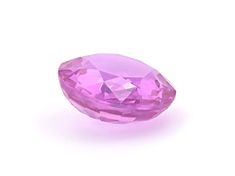 a pink diamond sitting on top of a white surface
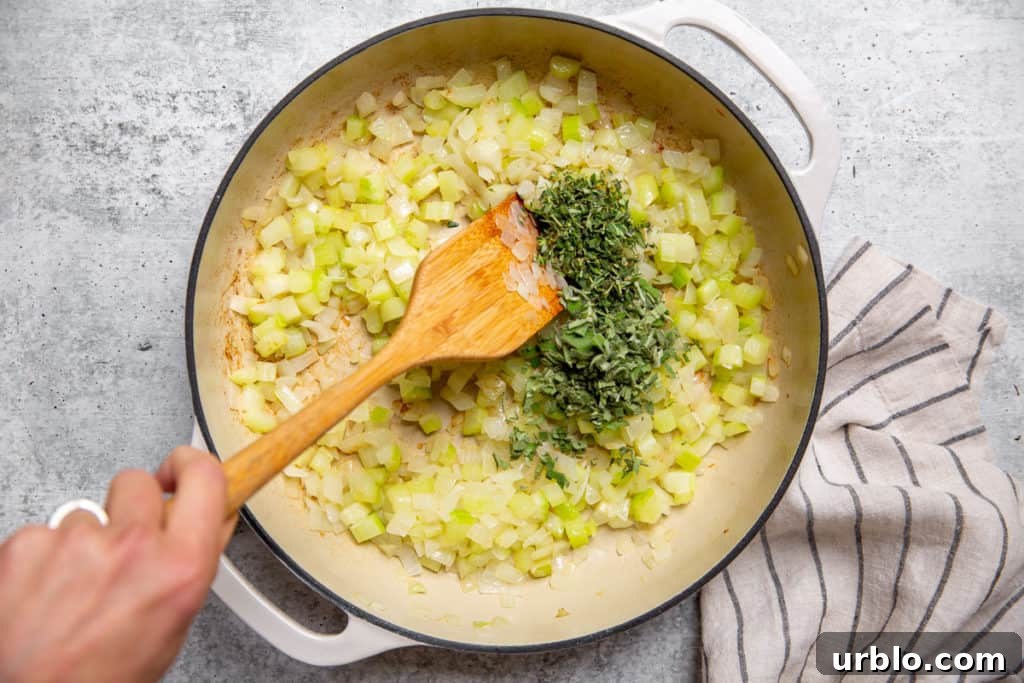 Gluten-Free Cornbread Stuffing Recipe (Cornbread Dressing) 7 Wooden spoon stirring chopped sage and thyme into a skillet with cooked onion and celery.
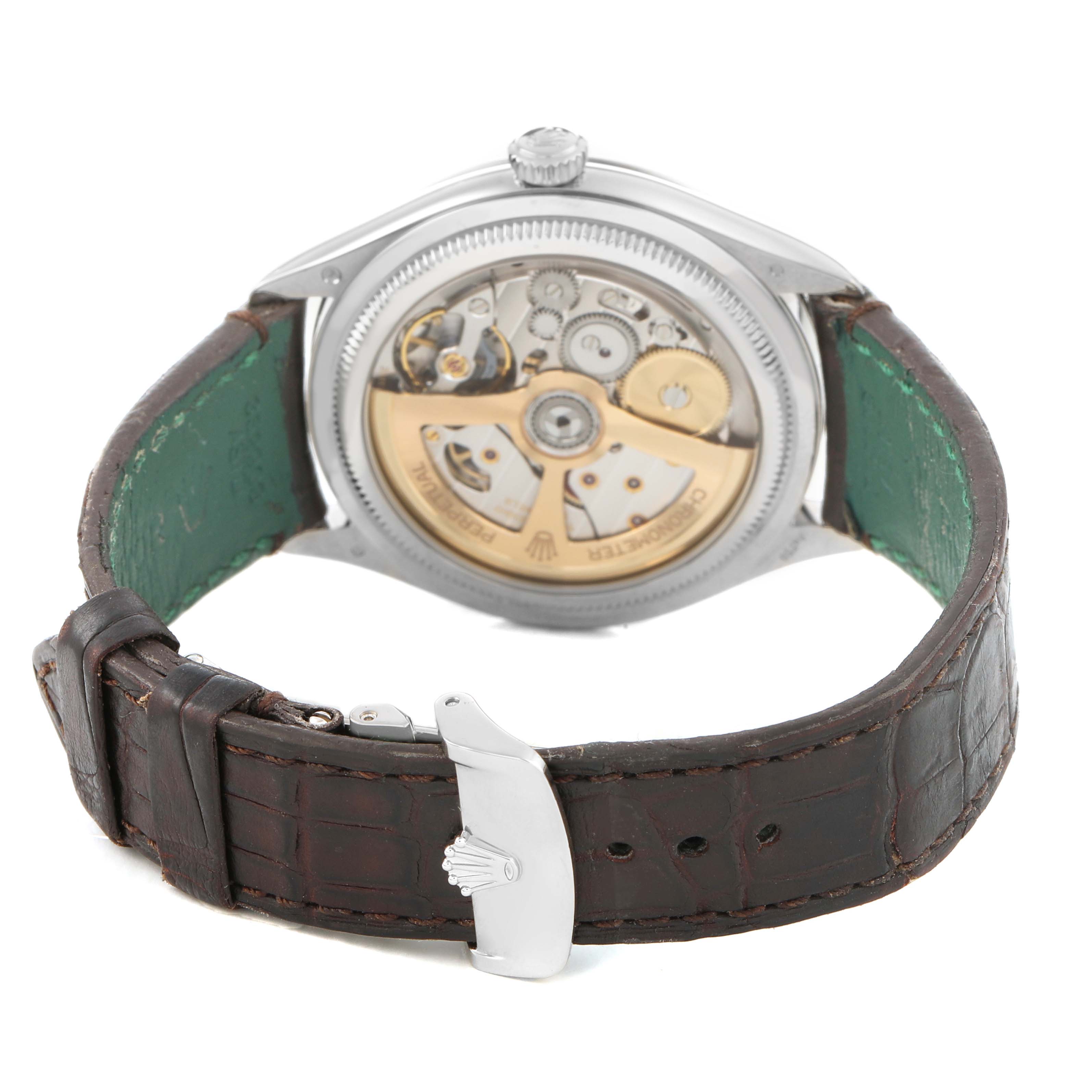 The image shows the back view of a Rolex Cellini 52509 Men's White Gold Silver Dial watch, highlighting its mechanical movement and leather strap with a clasp.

----------

Please give back exactly, and with no pictures, the lines from where the listing above begins through the line containing "Gluten-Free Cornbread Stuffing".

Answer section:
 a pink diamond sitting on top of a white surface
 Gluten-Free Cornbread Stuffing Recipe (Cornbread Dressing) 7 Wooden spoon stirring chopped sage and thyme into a skillet with cooked onion and celery.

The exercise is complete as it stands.